9. Make a routine that works with your schedule: Pick a time everyday to workout. Make it like an appointment so that it becomes important to you. No one would miss a doctors appointment they schedule so make your workout a priority. 

 

10. REST! Yes I said rest. It is crucial for your body to relax, take time off to breathe and prepare for the next day. Personally for me I always do an active recovery rest day doing yoga or pilates and an entire day for rest. Your body needs a break and if you workout 7 days a week you can actually prevent positive change from occurs and fatigue too quickly. 

 

11. Have a healthy diet: Let's be real you cannot workout a bad diet. Your metabolism only works so fast and if you want to see results your nutrition has to be intact.

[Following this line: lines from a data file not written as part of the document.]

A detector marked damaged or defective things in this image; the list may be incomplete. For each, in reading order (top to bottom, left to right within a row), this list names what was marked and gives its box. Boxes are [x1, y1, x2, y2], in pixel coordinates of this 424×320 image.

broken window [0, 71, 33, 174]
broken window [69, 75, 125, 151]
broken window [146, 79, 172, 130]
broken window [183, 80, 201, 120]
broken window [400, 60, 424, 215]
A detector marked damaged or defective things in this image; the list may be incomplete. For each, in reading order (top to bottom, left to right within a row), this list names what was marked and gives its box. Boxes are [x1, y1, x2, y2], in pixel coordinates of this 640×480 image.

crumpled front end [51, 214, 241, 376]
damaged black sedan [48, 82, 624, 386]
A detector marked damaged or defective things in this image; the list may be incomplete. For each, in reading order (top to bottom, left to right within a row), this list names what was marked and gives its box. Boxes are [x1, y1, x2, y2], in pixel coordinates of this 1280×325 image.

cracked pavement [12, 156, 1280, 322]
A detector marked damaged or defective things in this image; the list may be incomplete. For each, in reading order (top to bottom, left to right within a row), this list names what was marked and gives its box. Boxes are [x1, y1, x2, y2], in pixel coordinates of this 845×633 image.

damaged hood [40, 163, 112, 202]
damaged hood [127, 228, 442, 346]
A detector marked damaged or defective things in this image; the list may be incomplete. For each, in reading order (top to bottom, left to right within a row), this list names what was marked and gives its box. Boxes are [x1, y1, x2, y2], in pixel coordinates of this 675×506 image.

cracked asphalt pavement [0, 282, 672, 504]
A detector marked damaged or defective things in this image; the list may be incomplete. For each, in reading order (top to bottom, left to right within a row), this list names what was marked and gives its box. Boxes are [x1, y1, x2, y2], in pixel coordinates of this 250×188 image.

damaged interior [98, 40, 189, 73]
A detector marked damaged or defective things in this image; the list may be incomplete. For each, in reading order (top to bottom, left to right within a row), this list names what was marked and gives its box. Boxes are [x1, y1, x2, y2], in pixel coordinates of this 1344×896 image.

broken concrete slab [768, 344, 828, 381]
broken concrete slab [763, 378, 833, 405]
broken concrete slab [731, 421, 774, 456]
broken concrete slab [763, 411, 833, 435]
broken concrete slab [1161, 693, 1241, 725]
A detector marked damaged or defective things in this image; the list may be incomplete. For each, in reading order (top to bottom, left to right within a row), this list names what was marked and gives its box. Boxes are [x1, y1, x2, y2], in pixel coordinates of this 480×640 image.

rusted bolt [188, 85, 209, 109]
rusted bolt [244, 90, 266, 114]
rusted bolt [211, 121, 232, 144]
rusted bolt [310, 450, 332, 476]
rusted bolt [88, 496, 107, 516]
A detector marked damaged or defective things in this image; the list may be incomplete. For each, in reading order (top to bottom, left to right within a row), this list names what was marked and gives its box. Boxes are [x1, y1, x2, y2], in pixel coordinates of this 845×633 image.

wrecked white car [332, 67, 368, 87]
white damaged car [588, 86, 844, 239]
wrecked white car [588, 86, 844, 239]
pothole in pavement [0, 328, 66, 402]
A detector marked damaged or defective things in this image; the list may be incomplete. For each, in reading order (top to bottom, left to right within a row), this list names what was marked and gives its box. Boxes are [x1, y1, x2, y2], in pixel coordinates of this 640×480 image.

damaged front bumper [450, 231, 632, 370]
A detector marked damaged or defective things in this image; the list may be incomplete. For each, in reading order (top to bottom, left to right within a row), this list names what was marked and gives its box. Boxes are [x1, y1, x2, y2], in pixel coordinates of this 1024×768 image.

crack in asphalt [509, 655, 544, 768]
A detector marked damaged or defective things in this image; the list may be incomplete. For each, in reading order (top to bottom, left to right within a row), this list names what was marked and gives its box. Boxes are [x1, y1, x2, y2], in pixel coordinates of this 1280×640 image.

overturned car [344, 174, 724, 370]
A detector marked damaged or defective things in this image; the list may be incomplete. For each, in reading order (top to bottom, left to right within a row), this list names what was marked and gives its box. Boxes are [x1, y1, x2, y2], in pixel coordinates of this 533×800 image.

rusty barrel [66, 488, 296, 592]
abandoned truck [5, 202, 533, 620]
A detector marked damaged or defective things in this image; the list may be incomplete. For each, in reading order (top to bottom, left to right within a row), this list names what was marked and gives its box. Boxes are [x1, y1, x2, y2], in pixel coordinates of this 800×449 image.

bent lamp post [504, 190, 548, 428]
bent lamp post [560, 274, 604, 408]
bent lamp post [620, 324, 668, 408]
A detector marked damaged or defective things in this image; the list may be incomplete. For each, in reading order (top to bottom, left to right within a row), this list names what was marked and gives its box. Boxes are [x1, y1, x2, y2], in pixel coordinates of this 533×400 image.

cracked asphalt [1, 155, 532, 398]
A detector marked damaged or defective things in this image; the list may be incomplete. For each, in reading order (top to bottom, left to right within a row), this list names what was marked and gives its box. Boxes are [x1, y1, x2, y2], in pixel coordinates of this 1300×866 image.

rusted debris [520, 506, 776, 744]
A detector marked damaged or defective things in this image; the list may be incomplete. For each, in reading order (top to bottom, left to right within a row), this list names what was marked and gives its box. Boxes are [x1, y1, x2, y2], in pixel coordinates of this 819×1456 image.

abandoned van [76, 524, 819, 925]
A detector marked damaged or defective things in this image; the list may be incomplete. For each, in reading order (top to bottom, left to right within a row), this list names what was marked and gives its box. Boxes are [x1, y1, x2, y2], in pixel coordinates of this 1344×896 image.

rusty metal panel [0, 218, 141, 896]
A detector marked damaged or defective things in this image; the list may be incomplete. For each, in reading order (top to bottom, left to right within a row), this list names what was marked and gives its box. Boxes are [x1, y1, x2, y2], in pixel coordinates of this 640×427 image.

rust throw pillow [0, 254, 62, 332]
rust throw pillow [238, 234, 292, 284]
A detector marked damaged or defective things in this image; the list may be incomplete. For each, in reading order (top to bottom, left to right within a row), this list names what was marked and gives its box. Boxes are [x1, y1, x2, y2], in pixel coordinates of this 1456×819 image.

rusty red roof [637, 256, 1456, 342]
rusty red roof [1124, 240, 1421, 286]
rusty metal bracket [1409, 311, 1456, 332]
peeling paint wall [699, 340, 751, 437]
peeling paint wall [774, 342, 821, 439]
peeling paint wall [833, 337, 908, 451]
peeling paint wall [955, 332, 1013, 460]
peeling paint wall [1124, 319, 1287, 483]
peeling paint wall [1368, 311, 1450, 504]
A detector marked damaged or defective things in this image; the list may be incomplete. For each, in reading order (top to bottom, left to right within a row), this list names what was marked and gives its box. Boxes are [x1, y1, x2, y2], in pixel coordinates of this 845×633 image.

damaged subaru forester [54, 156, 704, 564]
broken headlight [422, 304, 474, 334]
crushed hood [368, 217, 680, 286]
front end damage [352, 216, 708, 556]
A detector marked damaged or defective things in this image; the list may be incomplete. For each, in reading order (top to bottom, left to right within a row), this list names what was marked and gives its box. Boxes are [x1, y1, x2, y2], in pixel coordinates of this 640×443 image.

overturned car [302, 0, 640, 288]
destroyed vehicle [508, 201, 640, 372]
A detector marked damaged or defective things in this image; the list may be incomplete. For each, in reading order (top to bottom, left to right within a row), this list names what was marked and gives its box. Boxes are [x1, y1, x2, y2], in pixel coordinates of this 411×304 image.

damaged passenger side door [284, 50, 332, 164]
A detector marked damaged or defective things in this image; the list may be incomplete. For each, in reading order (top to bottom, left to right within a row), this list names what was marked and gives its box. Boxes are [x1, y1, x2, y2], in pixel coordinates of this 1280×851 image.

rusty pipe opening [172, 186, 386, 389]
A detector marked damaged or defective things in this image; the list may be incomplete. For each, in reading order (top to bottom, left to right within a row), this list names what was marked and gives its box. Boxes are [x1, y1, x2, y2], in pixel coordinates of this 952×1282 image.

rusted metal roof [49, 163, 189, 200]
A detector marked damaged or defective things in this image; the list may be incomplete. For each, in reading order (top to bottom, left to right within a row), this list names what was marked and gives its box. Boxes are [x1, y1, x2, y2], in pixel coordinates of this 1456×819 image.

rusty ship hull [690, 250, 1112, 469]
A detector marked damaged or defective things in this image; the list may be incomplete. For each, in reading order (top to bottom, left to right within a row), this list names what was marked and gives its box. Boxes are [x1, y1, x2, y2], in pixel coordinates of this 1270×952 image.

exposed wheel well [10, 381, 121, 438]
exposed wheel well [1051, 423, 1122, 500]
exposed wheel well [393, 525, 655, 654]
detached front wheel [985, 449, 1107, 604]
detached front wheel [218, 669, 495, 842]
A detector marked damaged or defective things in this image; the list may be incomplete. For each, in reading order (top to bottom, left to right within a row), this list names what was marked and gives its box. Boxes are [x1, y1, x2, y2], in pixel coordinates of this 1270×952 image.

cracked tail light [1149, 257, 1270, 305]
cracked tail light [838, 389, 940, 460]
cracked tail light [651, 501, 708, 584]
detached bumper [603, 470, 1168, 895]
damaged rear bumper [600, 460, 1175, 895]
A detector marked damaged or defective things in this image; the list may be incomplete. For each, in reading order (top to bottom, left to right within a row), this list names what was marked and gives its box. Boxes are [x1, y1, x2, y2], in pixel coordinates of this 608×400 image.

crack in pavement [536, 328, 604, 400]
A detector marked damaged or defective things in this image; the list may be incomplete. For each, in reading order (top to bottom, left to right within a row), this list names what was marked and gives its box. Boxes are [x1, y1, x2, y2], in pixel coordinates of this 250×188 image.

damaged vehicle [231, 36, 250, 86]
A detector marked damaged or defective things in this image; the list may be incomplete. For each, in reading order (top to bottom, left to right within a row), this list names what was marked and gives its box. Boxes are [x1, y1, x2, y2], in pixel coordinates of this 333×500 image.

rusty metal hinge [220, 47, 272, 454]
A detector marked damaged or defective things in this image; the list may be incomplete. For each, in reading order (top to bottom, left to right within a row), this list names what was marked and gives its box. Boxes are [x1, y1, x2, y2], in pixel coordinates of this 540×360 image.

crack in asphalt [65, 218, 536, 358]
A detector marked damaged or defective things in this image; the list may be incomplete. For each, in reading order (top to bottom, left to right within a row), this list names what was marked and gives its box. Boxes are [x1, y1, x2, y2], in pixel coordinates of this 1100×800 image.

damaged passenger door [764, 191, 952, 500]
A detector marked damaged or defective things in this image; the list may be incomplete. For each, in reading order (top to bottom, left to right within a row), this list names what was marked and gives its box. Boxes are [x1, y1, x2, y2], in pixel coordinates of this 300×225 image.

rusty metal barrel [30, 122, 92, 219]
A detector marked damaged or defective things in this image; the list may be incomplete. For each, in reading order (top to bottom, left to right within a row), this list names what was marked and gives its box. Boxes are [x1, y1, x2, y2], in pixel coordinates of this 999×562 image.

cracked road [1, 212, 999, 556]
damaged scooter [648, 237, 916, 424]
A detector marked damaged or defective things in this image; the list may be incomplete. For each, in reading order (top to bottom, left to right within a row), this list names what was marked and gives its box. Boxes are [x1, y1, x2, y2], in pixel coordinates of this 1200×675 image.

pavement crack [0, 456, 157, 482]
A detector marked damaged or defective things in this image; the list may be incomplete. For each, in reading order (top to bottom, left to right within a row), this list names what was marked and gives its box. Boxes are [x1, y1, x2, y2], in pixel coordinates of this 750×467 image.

Skip the emotional eating, develop balance and do not cut out food groups. Also, drink water before each meal to feel fuller faster to avoid overeating.

 

12. Make your home a place for fitness: I know for me when winter comes I would skip workouts more often because of the weather. Then I bought a mat, some dumbbells and started doing at home workouts on the days I didn't want to fight the weater. Eventually, I started doing the Beachbody programs and negated the need for going to the gym at all. I have workouts for cardio, strength training, yoga and pilates. All of my favorites all under my roof.

 

13. Inconvenience yourself-normally we always take the quicker way out for things. Such as taking the elevator versus the stairs. Making simple changes like taking the stairs will help to improve your health. Instead of asking someone to go get something for yourself, go get it yourself. 

 

14. Taking a vacation? Don't come back with excess flab-When you are going on vacation find activities are fun and good for your health such as hiking or biking. This can help keep off those extra pounds we tend to put on while on vacation. 

 

15. Track your progress: For some that means starting with a food journal. It can be hard to start making these changes especially if you have been living an unhealthy life for a long time. Start by taking a simple notebook and writing down what you are eating each day. Then you can start to see where your nutrition could be preventing your progress. From there start to track your activity levels, write down what you are doing and when you are doing it. Then put it all together and start to make a meal plan and workout schedule. This will make healthier choices simple and not feel like a daunting task. Being healthy isn't meant to punish you, we only have one body and we must take care of it. When you are ready to committ. Do your measurements and each week re-measure at the same time, these small changes will end up having big results and help motivate you to continue on this path!

Believe in yourself and all that you are. Know that there is something inside you that is greater than any obstacle.